On December 9, 2020, the Company filed a Certificate
of Amendment of Articles of Incorporation (the “Certificate”) with the State of California to (i) effect a forward
stock split of its outstanding shares of common stock at a ratio of 7 for 1 (7:1) (the “Forward Stock Split”), (ii)
increase the number of authorized shares of common stock from 50,000,000 shares to 500,000,000 shares, and (iii) effectuate a name
change (the “Name Change”). Fractional shares that resulted from the Forward Stock Split will be rounded up to the
next highest number. As a result of the Name Change, the Company’s name changed from “Intelligent Buying, Inc.”
to “Sentient Brands Holdings Inc.”. The Certificate was approved by the majority of the Company’s shareholders
and by the Board of Directors of the Company. The effective date of the Forward Stock Split and the Name Change was March 2, 2021.

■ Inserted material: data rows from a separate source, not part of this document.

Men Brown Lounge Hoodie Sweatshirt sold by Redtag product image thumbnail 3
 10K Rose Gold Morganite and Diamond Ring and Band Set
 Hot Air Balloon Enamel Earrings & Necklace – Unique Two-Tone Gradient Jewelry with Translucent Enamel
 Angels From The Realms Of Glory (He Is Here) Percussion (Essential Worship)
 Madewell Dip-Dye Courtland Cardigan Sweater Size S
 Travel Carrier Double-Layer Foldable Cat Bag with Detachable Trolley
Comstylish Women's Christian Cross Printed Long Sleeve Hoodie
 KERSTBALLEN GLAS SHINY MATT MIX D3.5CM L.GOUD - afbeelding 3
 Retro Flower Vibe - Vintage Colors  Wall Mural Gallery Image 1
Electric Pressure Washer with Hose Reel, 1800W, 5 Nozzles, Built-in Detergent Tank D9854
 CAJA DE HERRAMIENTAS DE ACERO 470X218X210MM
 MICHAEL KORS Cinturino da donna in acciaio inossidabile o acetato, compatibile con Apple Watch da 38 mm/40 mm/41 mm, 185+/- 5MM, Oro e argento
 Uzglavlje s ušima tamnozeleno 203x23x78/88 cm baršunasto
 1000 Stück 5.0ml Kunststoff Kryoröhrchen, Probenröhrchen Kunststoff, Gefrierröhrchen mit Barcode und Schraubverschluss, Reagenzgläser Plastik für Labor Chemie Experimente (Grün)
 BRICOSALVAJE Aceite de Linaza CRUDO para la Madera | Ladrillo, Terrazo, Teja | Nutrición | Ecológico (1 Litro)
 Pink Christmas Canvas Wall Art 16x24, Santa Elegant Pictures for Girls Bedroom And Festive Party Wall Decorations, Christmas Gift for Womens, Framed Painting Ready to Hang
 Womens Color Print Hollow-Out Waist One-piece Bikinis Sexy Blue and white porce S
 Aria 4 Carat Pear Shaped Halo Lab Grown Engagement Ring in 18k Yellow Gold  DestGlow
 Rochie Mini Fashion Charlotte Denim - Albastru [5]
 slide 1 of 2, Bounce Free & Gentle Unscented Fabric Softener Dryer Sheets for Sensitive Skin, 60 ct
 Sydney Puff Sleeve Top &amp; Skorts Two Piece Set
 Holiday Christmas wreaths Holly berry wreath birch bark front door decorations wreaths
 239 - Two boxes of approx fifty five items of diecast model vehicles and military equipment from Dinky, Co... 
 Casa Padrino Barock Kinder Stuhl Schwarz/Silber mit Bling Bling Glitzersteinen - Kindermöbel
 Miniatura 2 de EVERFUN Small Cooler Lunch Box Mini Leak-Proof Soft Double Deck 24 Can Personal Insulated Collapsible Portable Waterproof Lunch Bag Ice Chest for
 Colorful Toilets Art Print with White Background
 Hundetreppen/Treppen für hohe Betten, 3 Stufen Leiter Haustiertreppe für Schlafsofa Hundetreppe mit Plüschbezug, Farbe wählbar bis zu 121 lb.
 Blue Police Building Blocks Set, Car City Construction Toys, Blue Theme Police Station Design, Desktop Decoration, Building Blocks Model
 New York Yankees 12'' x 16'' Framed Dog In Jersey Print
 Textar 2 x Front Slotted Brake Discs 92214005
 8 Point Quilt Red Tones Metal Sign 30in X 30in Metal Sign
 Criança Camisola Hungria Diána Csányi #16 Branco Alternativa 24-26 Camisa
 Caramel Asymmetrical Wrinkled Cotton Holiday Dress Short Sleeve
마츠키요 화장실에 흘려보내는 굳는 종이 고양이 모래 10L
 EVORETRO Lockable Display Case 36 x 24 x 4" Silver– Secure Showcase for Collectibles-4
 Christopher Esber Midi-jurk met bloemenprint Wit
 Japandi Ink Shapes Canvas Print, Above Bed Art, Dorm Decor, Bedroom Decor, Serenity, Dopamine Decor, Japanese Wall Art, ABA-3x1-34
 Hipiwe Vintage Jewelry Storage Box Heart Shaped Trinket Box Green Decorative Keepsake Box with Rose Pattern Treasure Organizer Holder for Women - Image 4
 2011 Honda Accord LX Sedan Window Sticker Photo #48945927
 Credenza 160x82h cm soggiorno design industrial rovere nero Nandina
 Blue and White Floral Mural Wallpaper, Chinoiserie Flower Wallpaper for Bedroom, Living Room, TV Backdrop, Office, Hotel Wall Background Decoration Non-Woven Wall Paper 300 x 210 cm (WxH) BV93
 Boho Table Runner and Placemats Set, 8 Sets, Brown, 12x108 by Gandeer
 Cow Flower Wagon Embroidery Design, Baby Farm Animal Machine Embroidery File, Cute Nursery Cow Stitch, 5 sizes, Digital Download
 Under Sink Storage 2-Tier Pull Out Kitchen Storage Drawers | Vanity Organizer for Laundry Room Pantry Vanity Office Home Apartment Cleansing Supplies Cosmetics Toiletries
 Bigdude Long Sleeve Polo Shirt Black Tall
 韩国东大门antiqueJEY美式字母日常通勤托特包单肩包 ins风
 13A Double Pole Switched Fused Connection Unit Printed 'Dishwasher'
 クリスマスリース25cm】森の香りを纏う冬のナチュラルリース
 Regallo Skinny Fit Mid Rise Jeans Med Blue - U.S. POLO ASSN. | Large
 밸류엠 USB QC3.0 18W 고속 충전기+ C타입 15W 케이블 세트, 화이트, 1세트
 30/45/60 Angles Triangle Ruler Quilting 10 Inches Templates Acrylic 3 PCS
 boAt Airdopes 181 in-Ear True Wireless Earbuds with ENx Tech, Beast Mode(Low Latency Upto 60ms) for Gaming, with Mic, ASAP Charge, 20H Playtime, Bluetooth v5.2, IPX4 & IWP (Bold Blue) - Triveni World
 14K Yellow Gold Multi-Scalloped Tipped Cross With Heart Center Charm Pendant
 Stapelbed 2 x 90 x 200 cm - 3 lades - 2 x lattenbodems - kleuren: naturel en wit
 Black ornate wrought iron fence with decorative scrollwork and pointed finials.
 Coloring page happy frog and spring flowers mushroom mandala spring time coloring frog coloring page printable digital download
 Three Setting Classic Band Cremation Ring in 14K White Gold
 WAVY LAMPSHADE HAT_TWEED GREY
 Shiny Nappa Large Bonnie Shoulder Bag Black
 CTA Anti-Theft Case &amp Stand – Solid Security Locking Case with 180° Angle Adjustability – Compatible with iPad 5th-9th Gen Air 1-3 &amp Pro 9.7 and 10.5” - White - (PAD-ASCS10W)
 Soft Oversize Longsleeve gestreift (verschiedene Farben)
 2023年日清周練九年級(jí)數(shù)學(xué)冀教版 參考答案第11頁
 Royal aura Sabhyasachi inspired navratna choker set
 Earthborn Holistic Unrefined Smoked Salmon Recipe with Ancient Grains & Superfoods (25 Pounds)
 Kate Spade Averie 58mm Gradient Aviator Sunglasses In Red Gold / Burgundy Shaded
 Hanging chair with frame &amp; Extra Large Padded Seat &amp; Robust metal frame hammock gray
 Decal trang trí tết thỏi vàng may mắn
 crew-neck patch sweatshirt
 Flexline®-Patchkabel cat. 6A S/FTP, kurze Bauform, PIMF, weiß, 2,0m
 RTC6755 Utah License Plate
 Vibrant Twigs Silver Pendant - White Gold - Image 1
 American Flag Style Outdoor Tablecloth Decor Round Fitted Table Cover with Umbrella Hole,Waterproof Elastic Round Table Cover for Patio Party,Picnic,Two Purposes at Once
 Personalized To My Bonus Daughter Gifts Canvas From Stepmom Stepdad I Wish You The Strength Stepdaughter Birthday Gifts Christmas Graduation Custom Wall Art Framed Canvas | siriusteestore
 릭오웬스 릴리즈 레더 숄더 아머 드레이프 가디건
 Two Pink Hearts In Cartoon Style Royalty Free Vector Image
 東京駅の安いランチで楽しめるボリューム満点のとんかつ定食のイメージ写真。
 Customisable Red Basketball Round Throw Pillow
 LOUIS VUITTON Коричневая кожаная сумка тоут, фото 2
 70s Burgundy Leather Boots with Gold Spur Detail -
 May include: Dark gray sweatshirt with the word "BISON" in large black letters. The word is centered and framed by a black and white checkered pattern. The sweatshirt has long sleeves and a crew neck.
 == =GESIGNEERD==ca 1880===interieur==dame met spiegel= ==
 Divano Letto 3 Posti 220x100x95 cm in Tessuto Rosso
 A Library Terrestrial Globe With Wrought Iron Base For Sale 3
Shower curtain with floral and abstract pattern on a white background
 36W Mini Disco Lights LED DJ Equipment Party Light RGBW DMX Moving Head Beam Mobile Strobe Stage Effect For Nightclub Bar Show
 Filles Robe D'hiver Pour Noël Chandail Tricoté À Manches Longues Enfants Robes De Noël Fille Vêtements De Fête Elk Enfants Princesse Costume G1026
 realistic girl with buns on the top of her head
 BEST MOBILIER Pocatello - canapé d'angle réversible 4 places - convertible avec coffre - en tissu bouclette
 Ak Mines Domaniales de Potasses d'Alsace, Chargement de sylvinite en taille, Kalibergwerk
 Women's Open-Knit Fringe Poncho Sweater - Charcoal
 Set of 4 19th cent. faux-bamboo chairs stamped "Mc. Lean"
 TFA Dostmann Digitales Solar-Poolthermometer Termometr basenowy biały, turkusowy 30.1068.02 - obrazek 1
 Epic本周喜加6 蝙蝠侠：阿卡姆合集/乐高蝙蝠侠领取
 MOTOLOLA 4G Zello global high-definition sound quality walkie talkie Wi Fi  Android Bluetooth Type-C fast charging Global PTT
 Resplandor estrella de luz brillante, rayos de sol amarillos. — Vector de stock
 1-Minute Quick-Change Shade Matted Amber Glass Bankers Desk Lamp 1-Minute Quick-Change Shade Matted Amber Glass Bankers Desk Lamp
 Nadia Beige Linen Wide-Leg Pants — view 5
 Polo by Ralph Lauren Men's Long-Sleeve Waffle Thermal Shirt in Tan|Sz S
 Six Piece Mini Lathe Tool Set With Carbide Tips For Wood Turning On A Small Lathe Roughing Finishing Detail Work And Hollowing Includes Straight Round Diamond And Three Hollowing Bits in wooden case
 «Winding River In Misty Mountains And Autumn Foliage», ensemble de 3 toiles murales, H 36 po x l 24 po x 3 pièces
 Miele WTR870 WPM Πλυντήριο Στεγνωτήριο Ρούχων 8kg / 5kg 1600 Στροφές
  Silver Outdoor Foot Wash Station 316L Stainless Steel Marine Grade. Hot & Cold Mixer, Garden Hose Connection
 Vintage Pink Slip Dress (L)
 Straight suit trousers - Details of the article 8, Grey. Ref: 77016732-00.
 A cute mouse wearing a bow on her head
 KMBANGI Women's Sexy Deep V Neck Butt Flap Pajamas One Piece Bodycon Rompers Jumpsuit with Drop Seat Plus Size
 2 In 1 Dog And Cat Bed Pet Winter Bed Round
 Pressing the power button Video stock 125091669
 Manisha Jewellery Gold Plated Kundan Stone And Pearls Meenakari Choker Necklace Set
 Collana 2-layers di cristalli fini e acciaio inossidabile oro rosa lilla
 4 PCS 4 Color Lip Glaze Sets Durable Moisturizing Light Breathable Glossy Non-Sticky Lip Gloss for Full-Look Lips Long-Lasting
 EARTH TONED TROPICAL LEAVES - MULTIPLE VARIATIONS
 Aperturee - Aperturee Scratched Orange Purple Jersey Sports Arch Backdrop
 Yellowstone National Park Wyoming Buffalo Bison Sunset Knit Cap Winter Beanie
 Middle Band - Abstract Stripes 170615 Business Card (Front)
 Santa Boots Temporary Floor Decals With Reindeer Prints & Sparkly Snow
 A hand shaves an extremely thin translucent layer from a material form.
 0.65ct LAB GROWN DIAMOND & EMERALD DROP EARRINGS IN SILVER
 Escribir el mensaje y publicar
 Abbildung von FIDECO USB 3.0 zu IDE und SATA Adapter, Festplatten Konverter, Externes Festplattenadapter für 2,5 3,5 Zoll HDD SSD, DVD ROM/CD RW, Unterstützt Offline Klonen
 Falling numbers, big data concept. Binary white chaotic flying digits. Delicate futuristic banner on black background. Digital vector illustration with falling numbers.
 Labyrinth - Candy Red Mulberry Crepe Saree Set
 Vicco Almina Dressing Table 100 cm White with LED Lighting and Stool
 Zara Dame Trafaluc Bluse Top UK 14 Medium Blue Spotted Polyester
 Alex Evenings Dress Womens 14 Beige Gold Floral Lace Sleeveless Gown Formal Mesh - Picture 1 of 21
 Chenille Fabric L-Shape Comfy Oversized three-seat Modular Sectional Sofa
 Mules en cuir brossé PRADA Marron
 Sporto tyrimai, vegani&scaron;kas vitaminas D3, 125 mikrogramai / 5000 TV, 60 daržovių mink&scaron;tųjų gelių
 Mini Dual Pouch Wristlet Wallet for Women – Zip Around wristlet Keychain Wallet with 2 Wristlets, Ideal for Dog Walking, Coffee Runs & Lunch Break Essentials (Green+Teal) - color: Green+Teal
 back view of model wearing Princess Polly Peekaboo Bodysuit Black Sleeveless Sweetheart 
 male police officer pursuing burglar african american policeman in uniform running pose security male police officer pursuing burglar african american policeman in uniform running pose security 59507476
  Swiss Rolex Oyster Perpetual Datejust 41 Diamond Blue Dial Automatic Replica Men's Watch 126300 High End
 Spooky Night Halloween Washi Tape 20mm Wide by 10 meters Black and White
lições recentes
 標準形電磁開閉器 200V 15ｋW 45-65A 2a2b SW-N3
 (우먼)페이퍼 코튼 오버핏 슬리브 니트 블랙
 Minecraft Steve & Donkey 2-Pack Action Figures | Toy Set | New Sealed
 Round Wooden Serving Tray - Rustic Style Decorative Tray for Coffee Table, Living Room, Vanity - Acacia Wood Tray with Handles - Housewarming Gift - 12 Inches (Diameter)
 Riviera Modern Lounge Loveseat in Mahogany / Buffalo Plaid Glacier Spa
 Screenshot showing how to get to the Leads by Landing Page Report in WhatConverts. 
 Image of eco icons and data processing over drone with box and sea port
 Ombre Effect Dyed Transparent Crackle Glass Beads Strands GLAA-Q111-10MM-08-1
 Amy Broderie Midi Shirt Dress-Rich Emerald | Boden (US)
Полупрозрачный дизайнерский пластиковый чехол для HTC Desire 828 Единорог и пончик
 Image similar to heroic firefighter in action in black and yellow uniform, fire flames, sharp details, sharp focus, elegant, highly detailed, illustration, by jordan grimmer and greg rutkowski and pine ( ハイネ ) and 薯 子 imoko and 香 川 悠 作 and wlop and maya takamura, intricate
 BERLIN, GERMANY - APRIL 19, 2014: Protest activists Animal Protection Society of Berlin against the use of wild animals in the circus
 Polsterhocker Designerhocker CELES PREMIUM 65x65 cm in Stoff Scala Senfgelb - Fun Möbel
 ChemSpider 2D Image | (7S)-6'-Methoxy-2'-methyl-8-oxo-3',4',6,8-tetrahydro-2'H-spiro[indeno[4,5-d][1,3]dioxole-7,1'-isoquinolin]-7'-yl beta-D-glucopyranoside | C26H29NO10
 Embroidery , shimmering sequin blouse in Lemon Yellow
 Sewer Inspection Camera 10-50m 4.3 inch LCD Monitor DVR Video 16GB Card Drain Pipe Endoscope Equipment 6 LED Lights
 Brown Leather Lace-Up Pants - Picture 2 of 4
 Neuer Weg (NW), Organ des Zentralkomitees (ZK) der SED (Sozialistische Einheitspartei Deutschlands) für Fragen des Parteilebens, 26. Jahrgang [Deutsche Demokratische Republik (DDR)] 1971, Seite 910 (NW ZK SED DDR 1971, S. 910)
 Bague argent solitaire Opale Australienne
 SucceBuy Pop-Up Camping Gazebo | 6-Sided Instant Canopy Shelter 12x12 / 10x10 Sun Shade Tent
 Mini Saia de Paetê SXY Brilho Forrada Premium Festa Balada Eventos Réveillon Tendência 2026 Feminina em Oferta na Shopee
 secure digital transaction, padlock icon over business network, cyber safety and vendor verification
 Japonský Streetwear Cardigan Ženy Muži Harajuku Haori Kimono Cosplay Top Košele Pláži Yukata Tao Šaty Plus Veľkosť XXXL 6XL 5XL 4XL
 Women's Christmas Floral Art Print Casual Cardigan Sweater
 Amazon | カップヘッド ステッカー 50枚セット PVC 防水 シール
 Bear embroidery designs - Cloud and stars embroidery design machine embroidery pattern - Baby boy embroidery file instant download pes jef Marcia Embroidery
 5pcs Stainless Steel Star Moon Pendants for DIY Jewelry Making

In connection with the above, the Company filed
an Issuer Company-Related Action Notification Form with the Financial Industry Regulatory Authority. The Forward Stock Split and
the Name Change was implemented by FINRA on March 2, 2021. Our symbol on OTC Markets was INTBD for 20 business days from March
2, 2021 (the “Notification Period”). Our new CUSIP number is 81728V 102. As a result of the name change, our symbol
was changed to “SNBH” following the Notification Period. All share and per share information has been retroactively
adjusted to reflect this forward stock split.
In addition, on January 29, 2021, the Company,
merged with and into its wholly owned subsidiary, Sentient Brands Holdings Inc., a Nevada corporation, pursuant to an Agreement
and Plan of Merger between Sentient Brands Holdings Inc., a California corporation, and Sentient Brands Holdings Inc., a Nevada
corporation. Sentient Brands Holdings Inc., a Nevada corporation, continued as the surviving entity of the migratory merger. Pursuant
to the migratory merger, the Company changed its state of incorporation from California to Nevada and each share of its common
stock converted into one share of common stock of the surviving entity in the migratory merger. No dissenters’ rights were
exercised by any of the Company’s stockholders in connection with the migratory merger.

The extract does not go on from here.